L’UDC rappelle que le peuple a accepté l’expulsion des criminels étrangers, précisément pour mettre fin à ce genre de pratiques. Transformer une obligation légale en débat d’interprétation permanente revient à vider la loi de sa substance.

Une explosion des affaires… sans exécution correspondante
Les chiffres fournis montrent une augmentation constante du nombre d’affaires impliquant des criminels étrangers. Pourtant, le nombre d’expulsions effectives reste limité et leur exécution traîne sur des mois, voire des années.
Cela démontre une chose : le système neuchâtelois ne fonctionne pas, et le Conseil d’État refuse d’en tirer les conséquences.

Enfin, le groupe UDC est outré des précisions apportées par le Ministère public. Nous citons : « Le questionnement des signataires de la question quant au respect de la loi et de la volonté populaire appelle la précision suivante de la part du Ministère public : la formulation retenue semble traduire une opinion déjà établie au regard des trois premières questions. » Il n’est pas demandé au Ministère public d’exposer son point de vue spéculatif sur des opinions politiques.

L’UDC exige un changement de cap
L’UDC Neuchâtel exige :
• une exécution rapide, systématique et contrôlée des expulsions,
• la fin des disparitions tolérées et des départs non vérifiés,
• une transparence totale sur les criminels étrangers encore présents sur le territoire,
• le respect strict de la volonté populaire et du droit fédéral, sans interprétations idéologiques.

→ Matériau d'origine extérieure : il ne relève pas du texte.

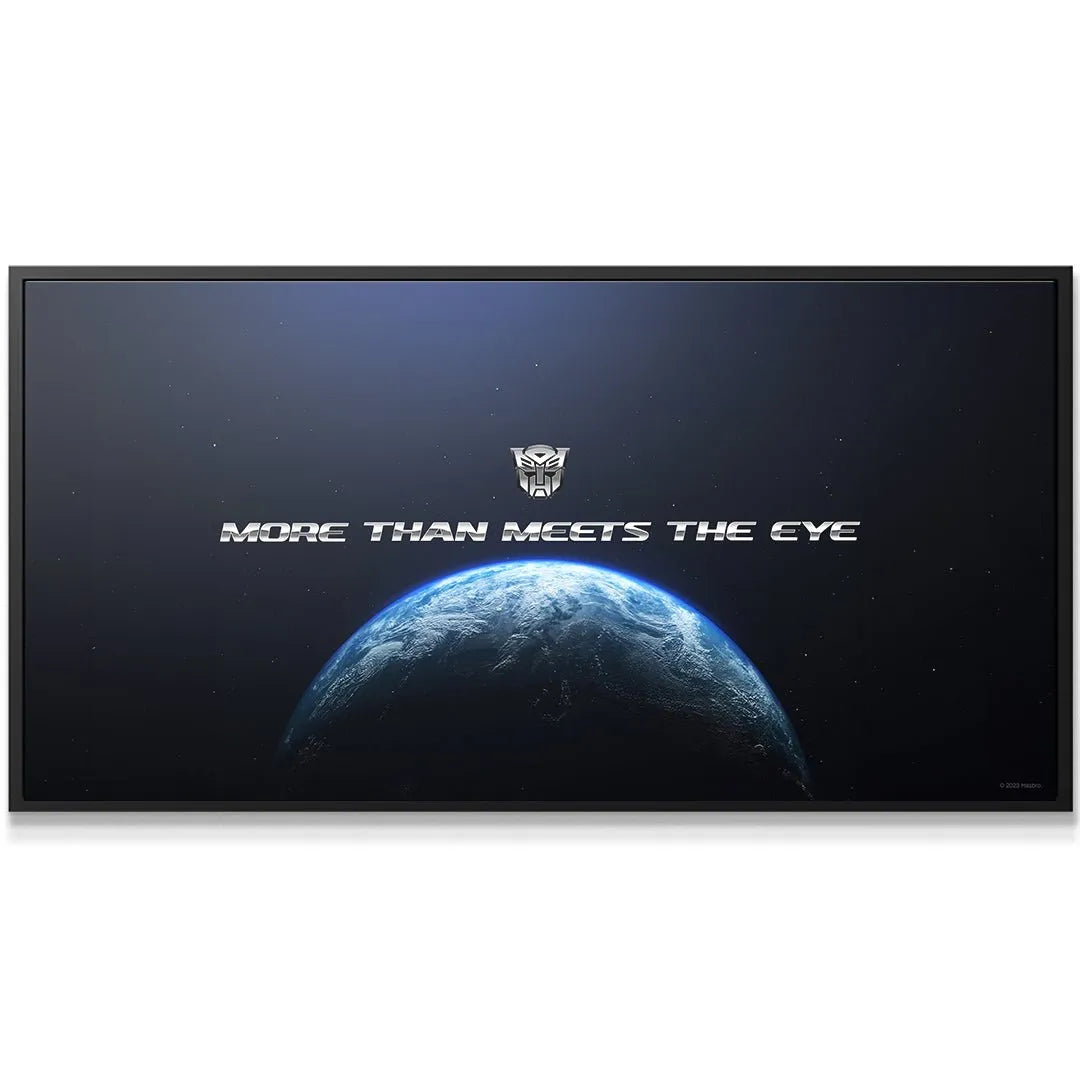 Detail close-up of the metallic Autobot insignia centered above the curved horizon in the 'Transformers - More Than Meets The Eye' print.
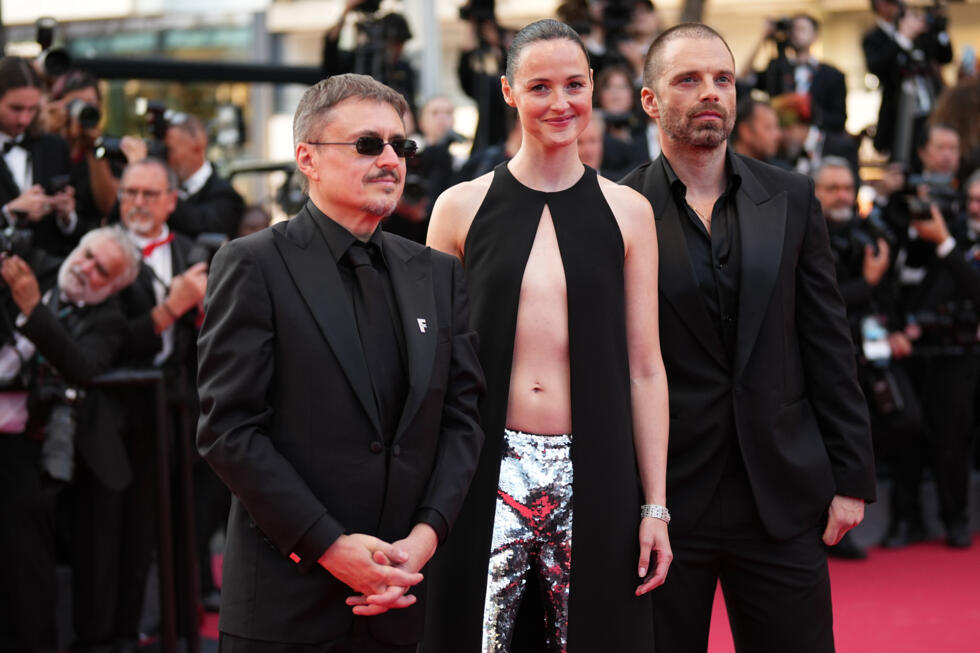 From left: Cristian Mungiu, Renate Reinsve and Sebastian Stan pose for photographers upon arrival at the awards ceremony during the 79th international film festival, Cannes, southern France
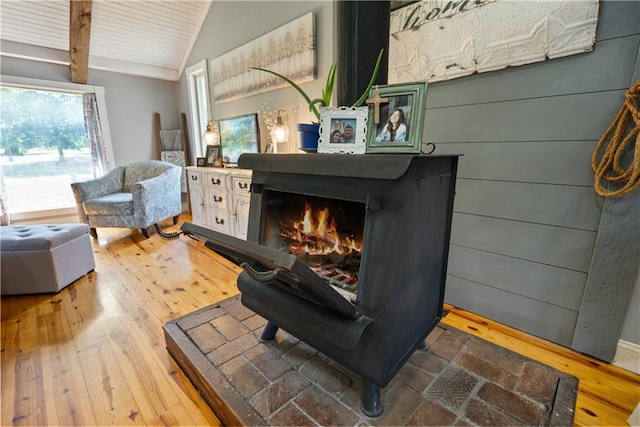 interior space with beamed ceiling and hardwood / wood-style floors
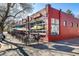 Restaurant exterior with outdoor seating and vibrant ambiance at 2023 E 20Th Ave, Denver, CO 80205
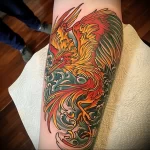 What are the best ink colors for tattoos - A detailed multicolored phoenix tattoo on someones a a dcefb - 030124 tattoovalue.net 034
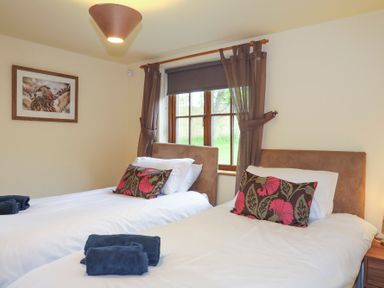 A bedroom with two single beds each with a decorative pillow and folded towels on top at Tyddyn Morthwyl in Criccieth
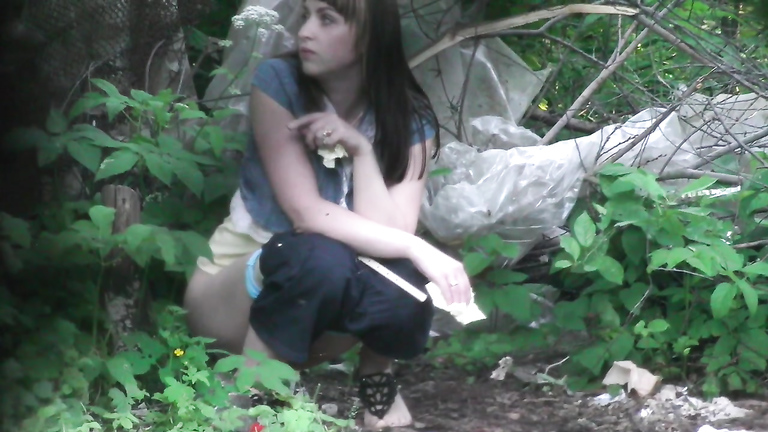Desperate brunette gets recorded relieving herself in the woods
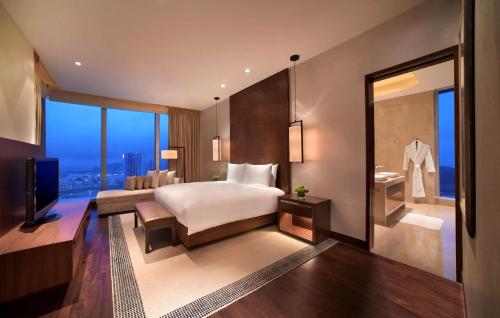 a bedroom with a large bed and a large window at Grand Hyatt Macau in Macau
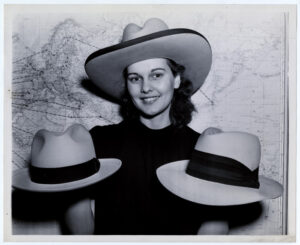 A black and white photograph of a woman in a light-colored cowboy hat with a dark brim. She holds a light-colored hat with a dark band in each hand. Behind her is a map of the world with shipping routes labeled on it.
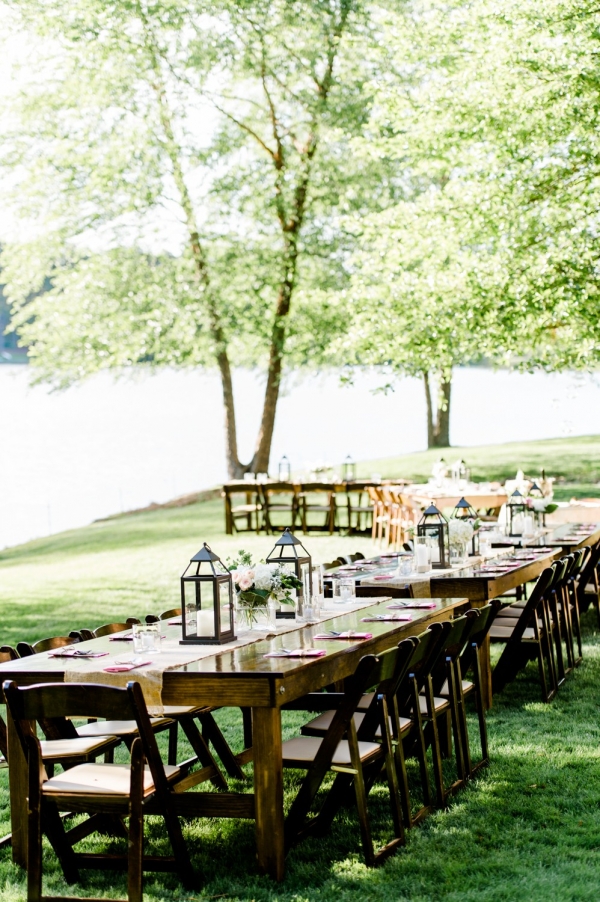 Wooden Lakeside Reception Tables With Lanterns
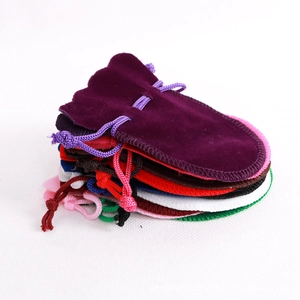 Close-up of multicolored velvet drawstring jewelry pouches in various vibrant colors
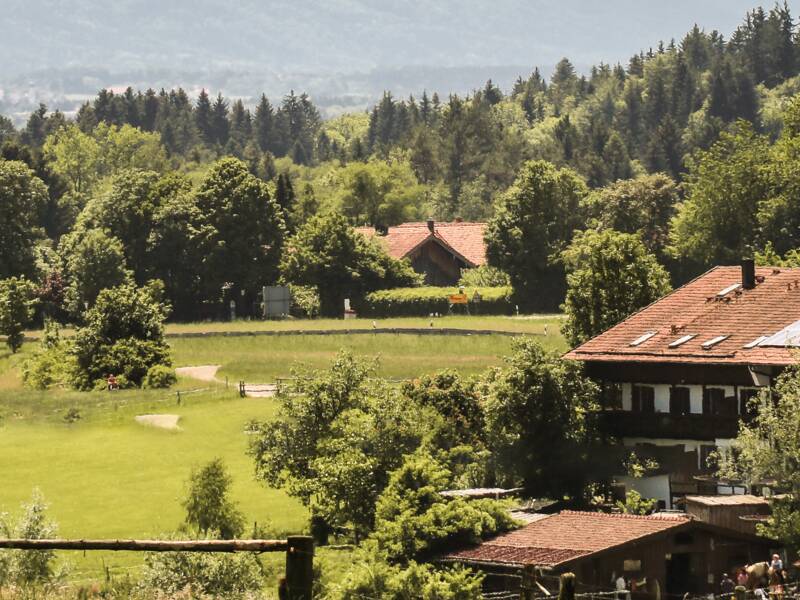 Blick von Dettenhausen Richtung Egling- ein Anwesen mit Wald und Bergpanorama im Hintergrund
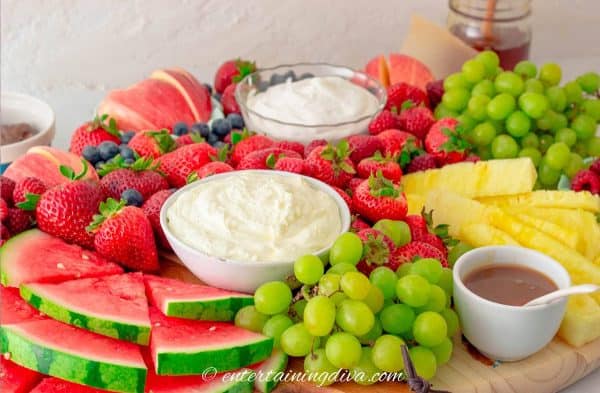 fruit charcuterie board ideas-entertaining diva-board with watermelon, pineapple, grapes, etc. and dips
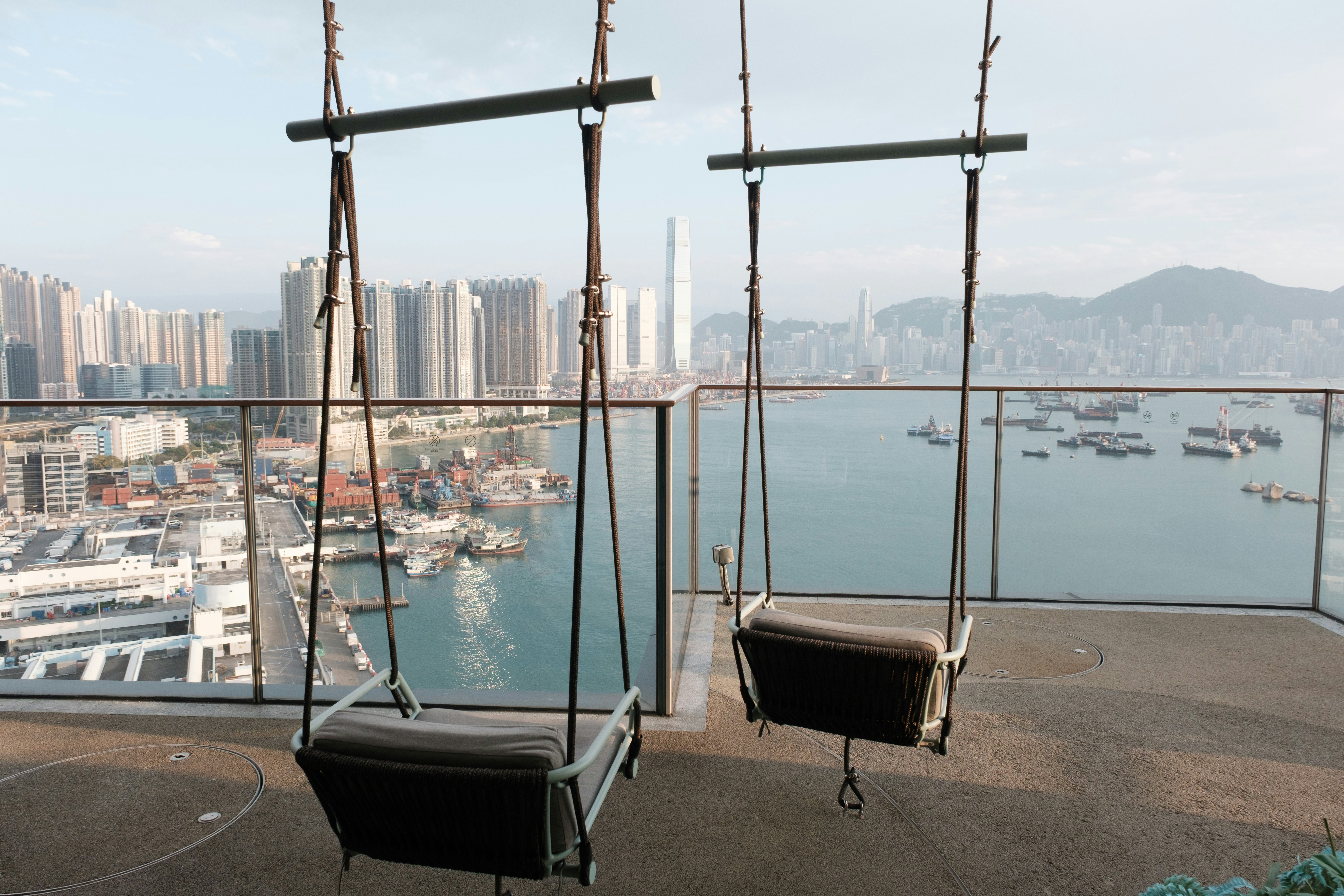 Two swings overlook a scenic cityscape.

La sécurité de la population neuchâteloise ne peut pas être sacrifiée sur l’autel du juridisme et de la complaisance. Le Conseil d’État peut multiplier les pages et les pourcentages : les faits restent têtus.
L’UDC continuera à dénoncer cette politique de façade et à défendre une Suisse sûre, souveraine et respectueuse de la volonté du peuple, et profite de rappeler que, d’ici cet été, le Grand Conseil sera appelé à réélire ses Autorités judiciaires. Si nous ne constatons pas un changement de cap, nous prendrons nos responsabilités en ne réélisant pas certains membres connus pour ne pas appliquer la législation en vigueur et voulue par le peuple.